In naturally fractured reservoirs, conformance control prior to enhanced oil recovery (EOR) application might be essential to ensure optimal contact and sufficient sweep. Recently, few studies investigated combining foams and gels into what is commonly coined as foamed-gels. Foamed-gels have been tested and shown to be potential for some field conditions. Yet, very limited studies were performed for high temperature and high salinity carbonates. Therefore, in this work, we study the potential of foamed-gels for high temperature and high salinity carbonates. The objective is to evaluate the potential of such synergy and to compare its value to the individual processes.

For that purpose, in this work, we rely on bulk and core-scale tests. Bulk tests were used for initial screening. Wide range of foam-gel solutions were prepared with different polymer types and polymer concentrations. Test tubes were hand shacked thoroughly to generate foams. Foam heights were then measured from the test tubes. Heights were used to screen foaming agents and to study gelant effects on foamers in terms of foam strength (heights). The effect of foamers on gelation was evaluated through bottle tests. Based on the results, an optimal concentration ratio of gelant to foamer was determined and used in core-scale displacements, to further study the potential of this hybrid foam-gel process.

Bulk results suggested that addition of the gelant up to a 4:1 foam to gel concentration ratio resulted in sufficient foam generation in some of the polymer samples. Yet, only two of the foam-gel samples generated a strong gel. Increasing the foamer concentration delayed the gelation time and in some samples, the solution did not gel. Through the coreflooding experiment, resistance factor (RF) and residual resistance factor (RRF) were obtained for different conformance control processes including foam, foam-gel, and gel. Foam-gel injection exhibited higher RF and RRF values than conventional foams. However, conventional gels showed even higher RF and RRF values than foam-gels.

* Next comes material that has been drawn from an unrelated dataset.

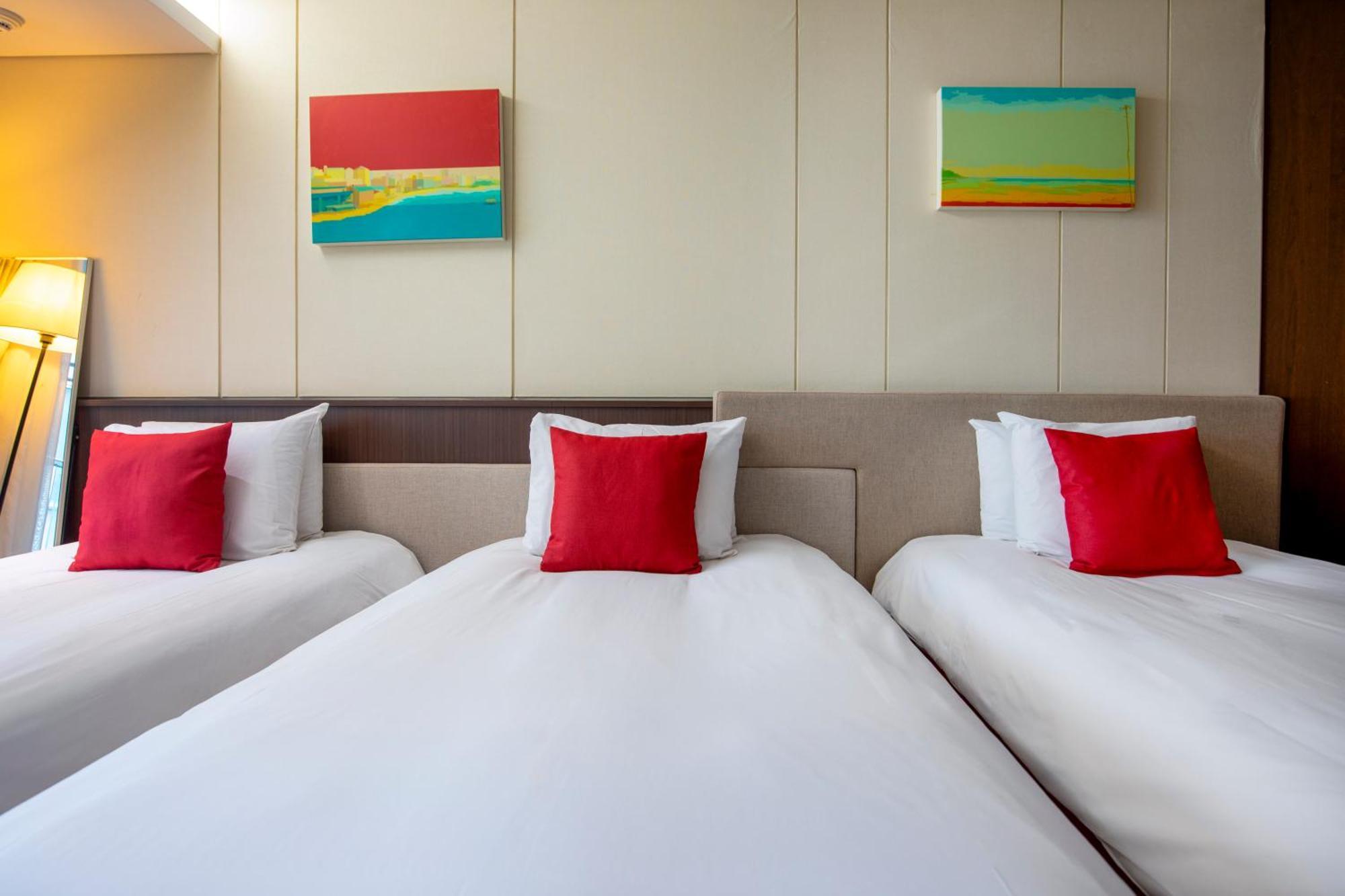 Ramada By Wyndham Jeju Hamdeok Hotel Exterior photo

Combining two of the most widely used conformance control methods (foams and gels) can strike a balance. Foam-gel may offer a treatment that is deeper and more sustainable than foams and on the other a treatment that is more practical, and lower-cost than gels. Our laboratory results also demonstrate that such synergetic conformance control can be achieved in high salinity and high temperature carbonates with pronounced impact.